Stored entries
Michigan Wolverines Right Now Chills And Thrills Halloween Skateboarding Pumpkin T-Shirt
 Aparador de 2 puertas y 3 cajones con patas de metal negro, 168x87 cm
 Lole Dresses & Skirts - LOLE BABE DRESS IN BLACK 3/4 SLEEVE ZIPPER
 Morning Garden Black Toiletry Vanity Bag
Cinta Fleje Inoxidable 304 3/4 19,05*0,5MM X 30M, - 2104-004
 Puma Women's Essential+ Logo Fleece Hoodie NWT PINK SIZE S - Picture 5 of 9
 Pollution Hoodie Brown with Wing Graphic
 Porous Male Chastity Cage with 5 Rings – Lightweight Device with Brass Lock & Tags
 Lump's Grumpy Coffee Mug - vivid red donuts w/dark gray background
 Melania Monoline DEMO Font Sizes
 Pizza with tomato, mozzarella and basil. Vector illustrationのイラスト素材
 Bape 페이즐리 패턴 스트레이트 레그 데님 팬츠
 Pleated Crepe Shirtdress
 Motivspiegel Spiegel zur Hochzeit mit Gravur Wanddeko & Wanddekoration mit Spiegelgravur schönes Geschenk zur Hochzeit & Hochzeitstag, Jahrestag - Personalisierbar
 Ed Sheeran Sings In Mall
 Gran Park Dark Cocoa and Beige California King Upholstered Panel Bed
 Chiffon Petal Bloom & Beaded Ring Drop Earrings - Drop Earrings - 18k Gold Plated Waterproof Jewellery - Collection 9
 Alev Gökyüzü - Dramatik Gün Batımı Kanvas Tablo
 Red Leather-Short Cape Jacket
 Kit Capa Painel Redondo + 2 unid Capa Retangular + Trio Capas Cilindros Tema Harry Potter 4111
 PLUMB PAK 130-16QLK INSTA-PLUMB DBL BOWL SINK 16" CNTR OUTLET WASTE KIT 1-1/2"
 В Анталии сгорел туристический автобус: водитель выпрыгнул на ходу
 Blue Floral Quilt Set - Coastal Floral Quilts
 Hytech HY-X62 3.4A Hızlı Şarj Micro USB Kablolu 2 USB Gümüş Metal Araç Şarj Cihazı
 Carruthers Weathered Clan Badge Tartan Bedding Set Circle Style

■ HOW TO COMPLETE THIS TASK: The answer is the line with "Puma Women's Essential+" plus every line after it to the last line of the entries above, copied exactly and with no other lines.

■ SOLUTION TO THE EXERCISE:
 Puma Women's Essential+ Logo Fleece Hoodie NWT PINK SIZE S - Picture 5 of 9
 Pollution Hoodie Brown with Wing Graphic
 Porous Male Chastity Cage with 5 Rings – Lightweight Device with Brass Lock & Tags
 Lump's Grumpy Coffee Mug - vivid red donuts w/dark gray background
 Melania Monoline DEMO Font Sizes
 Pizza with tomato, mozzarella and basil. Vector illustrationのイラスト素材
 Bape 페이즐리 패턴 스트레이트 레그 데님 팬츠
 Pleated Crepe Shirtdress
 Motivspiegel Spiegel zur Hochzeit mit Gravur Wanddeko & Wanddekoration mit Spiegelgravur schönes Geschenk zur Hochzeit & Hochzeitstag, Jahrestag - Personalisierbar
 Ed Sheeran Sings In Mall
 Gran Park Dark Cocoa and Beige California King Upholstered Panel Bed
 Chiffon Petal Bloom & Beaded Ring Drop Earrings - Drop Earrings - 18k Gold Plated Waterproof Jewellery - Collection 9
 Alev Gökyüzü - Dramatik Gün Batımı Kanvas Tablo
 Red Leather-Short Cape Jacket
 Kit Capa Painel Redondo + 2 unid Capa Retangular + Trio Capas Cilindros Tema Harry Potter 4111
 PLUMB PAK 130-16QLK INSTA-PLUMB DBL BOWL SINK 16" CNTR OUTLET WASTE KIT 1-1/2"
 В Анталии сгорел туристический автобус: водитель выпрыгнул на ходу
 Blue Floral Quilt Set - Coastal Floral Quilts
 Hytech HY-X62 3.4A Hızlı Şarj Micro USB Kablolu 2 USB Gümüş Metal Araç Şarj Cihazı
 Carruthers Weathered Clan Badge Tartan Bedding Set Circle Style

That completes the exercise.